▶ [AIM OF THE TASK]
Pictures must not appear in the copy. Restate exactly the lines below from the one with "Glass Teardrop Fourteen-Light" through the one with "Fototapeta premium Following", inclusive.

[[ SOURCE DATA open ]]

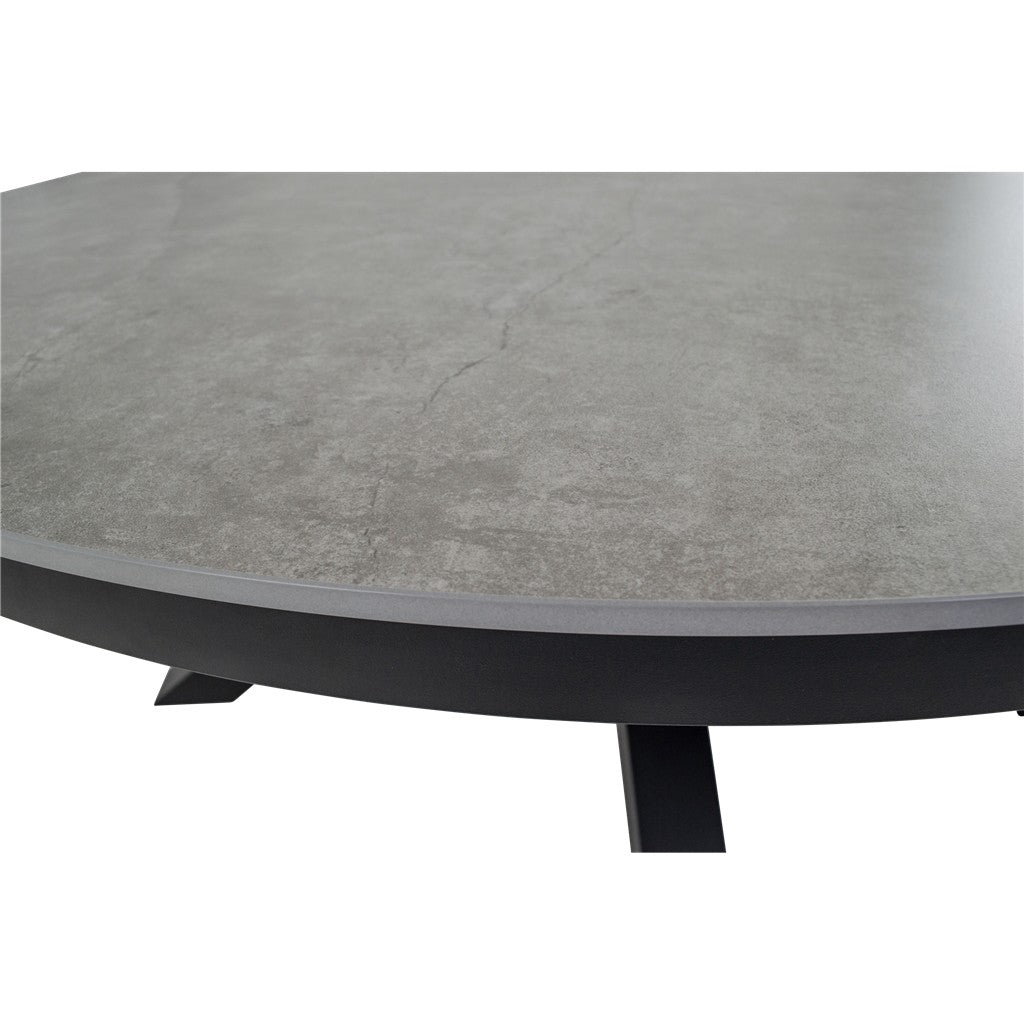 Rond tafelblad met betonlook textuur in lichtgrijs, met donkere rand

[[ SOURCE DATA closed ]]
[[ SOURCE DATA open ]]

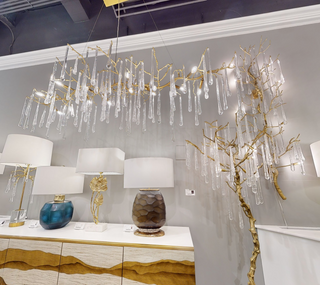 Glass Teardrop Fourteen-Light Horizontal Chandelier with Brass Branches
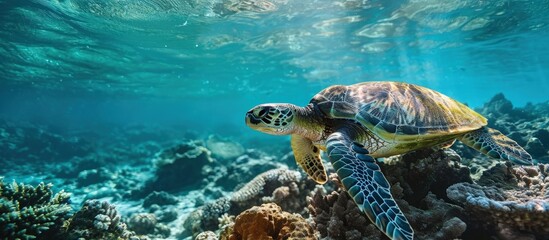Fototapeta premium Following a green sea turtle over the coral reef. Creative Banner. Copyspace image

[[ SOURCE DATA closed ]]
[[ SOURCE DATA open ]]

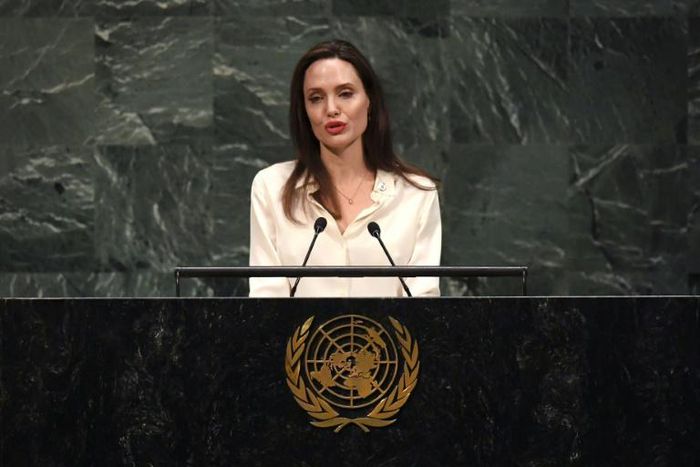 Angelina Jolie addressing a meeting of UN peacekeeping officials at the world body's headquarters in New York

[[ SOURCE DATA closed ]]

▶ [FINISHED EXERCISE]
 Glass Teardrop Fourteen-Light Horizontal Chandelier with Brass Branches
Fototapeta premium Following a green sea turtle over the coral reef. Creative Banner. Copyspace image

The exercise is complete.